La taxe de 3 % sur les dividendes invalidée par la CJUE

Publié le 15/06/2017

Une décision rendue par le juge communautaire conclut à l’incompatibilité de la taxe de 3 % sur les dividendes avec la directive mère-fille.

La Cour de justice de l’Union européenne a confirmé que la contribution française de 3 % sur les revenus distribués était contraire à la directive mère-fille. La directive mères-filiales s’oppose à ce qu’un État membre, à l’occasion de la distribution des dividendes applique à une société-mère une imposition dont l’assiette est constituée par les montants des dividendes distribués, y compris ceux provenant des filiales non-résidentes de cette société, vient de préciser un arrêt de la Cour de justice de l’Union européenne (CJUE)1.

Une contribution de 3 % assise sur les distributions

L’article 6 de la loi de finances rectificative pour 2012 a instauré une contribution additionnelle à l’impôt sur les sociétés (IS) au titre des montants distribués. Cette contribution dite taxe de 3 % est codifiée à l’article 235 ter ZCA du CGI. La contribution dont le taux est fixé à 3 % et calculée sur le montant des revenus distribués dont la mise en paiement est intervenue à compter du 17 août 2012. La contribution s’applique aux dividendes, aux acomptes sur dividendes, aux répartitions de réserves, et plus généralement à l’ensemble des revenus réputés distribués au sens des articles 109 à 117 du CGI, qu’ils bénéficient à des personnes physiques ou morales, françaises ou étrangères. Les personnes morales redevables de la contribution additionnelle sont celles qui sont situées dans le champ d’application de l’impôt sur les sociétés au sens de l’article 206 du CGI. Le législateur a exclu de l’assiette de la contribution additionnelle les montants distribués entre sociétés d’un groupe intégré au sens de l’article 223 A du CGI. La contribution ne s’applique ni aux PME au sens communautaire ni aux Sicav, Sppicav et Sicaf. La contribution de 3 %, constitue une charge pour la société distributrice qui ne peut s’imputer sur les impositions dues par le bénéficiaire de ces distributions. Le paiement de la contribution doit s’effectuer, spontanément, au plus tard à l’échéance du premier acompte d’impôt sur les sociétés suivant le mois de la mise en paiement de la distribution, qui constitue le fait générateur de l’imposition. Rappelons que la contribution de 3 % a une double vocation. Elle a en outre été votée pour compenser les diminutions de recettes fiscales résultant de la suppression de la retenue à la source sur les dividendes versés à des OPCVM étrangers, due à la jurisprudence communautaire Santander Asset Management SGIIC SA2. Elle a en outre pour objectif de soutenir l’investissement au détriment du dividende. Depuis sa création, la validité de cette contribution a été régulièrement mise en doute, notamment au regard des principes du droit communautaire que ce soit sur le fondement de la directive mère-fille ou celui de la liberté d’établissement.

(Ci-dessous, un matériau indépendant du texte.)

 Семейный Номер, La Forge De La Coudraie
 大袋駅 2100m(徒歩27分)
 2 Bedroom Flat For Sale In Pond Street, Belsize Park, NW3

Une question préjudicielle

Saisi de contestations de la contribution additionnelle de 3 % (CGI, art. 235 ter ZCA), le Conseil d’État a renvoyé une question prioritaire de constitutionnalité (QPC) au Conseil constitutionnel et posé une question préjudicielle à la Cour de justice de l’Union européenne3. Le Conseil d’État a en effet jugé que les critiques portant sur l’exonération relative aux groupes fiscalement intégrés soulevaient une question présentant un caractère sérieux a, par conséquent, renvoyé au Conseil constitutionnel la question de la conformité à la Constitution des dispositions de l’article 235 ter ZCA portant spécifiquement sur cette exonération. Cette QPC a conduit à l’annulation partielle de la taxe de 3 % à compter du 1er janvier 2007 et à la rédaction d’un nouvel article 235 ter ZCA du CGI afin d’étendre l’exonération de la taxe de 3 % aux distributions réalisées entre sociétés établies en France qui remplissent les conditions pour être membres d’un groupe fiscalement intégré, même si elles n’appartiennent effectivement pas à un tel groupe ainsi qu’aux distributions réalisées entre sociétés établies dans l’Union européenne ou dans un État ayant conclu avec la France une convention d’assistance administrative en vue de lutter contre la fraude et l’évasion fiscales, soumises à un impôt équivalent à l’impôt sur les sociétés dans leur État d’implantation, qui, si elles avaient été établies en France rempliraient les conditions pour être membres d’un groupe fiscalement intégré avec la société distribuant les dividendes (v. encadré « Une décision d’annulation partielle du Conseil Constitutionnel »).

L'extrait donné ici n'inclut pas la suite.